*GOAL OF THE EXERCISE:*
With the pictures left out, restate exactly the part below that opens with the line containing "kitchen with black" and closes with the line containing "Treatment area with".

*RECORDS TO PROCESS:*
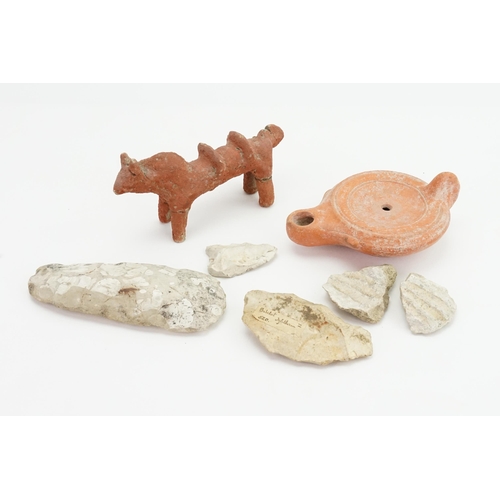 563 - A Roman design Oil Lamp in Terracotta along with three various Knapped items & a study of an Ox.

==

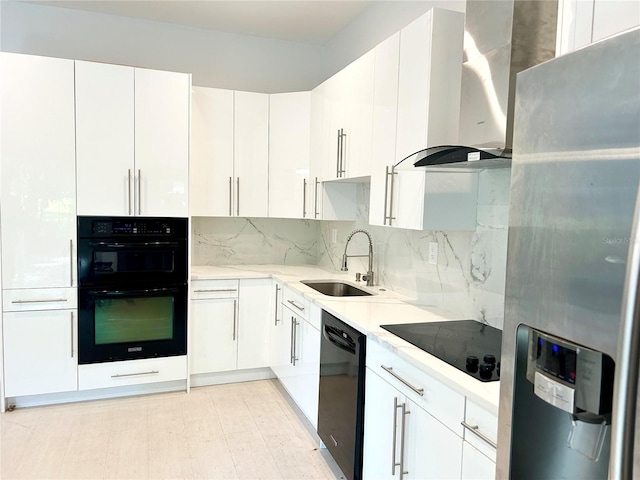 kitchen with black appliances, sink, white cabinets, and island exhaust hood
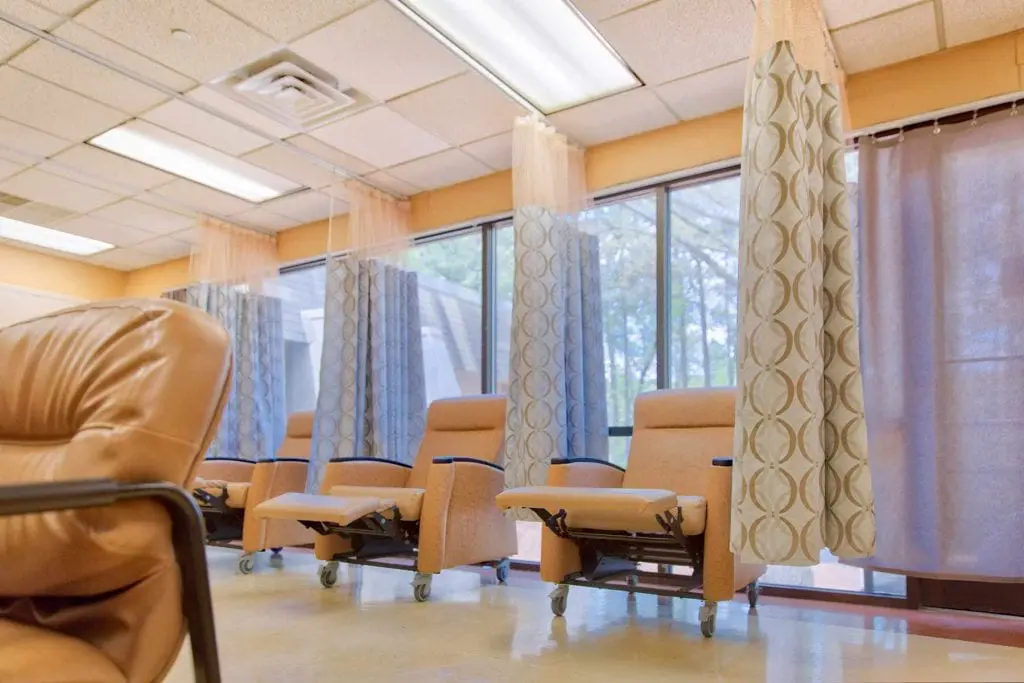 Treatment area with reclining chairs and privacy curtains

==

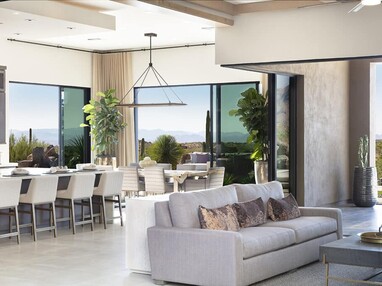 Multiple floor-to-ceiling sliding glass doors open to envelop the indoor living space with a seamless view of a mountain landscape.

*ANSWER BOX:*
 kitchen with black appliances, sink, white cabinets, and island exhaust hood
 Treatment area with reclining chairs and privacy curtains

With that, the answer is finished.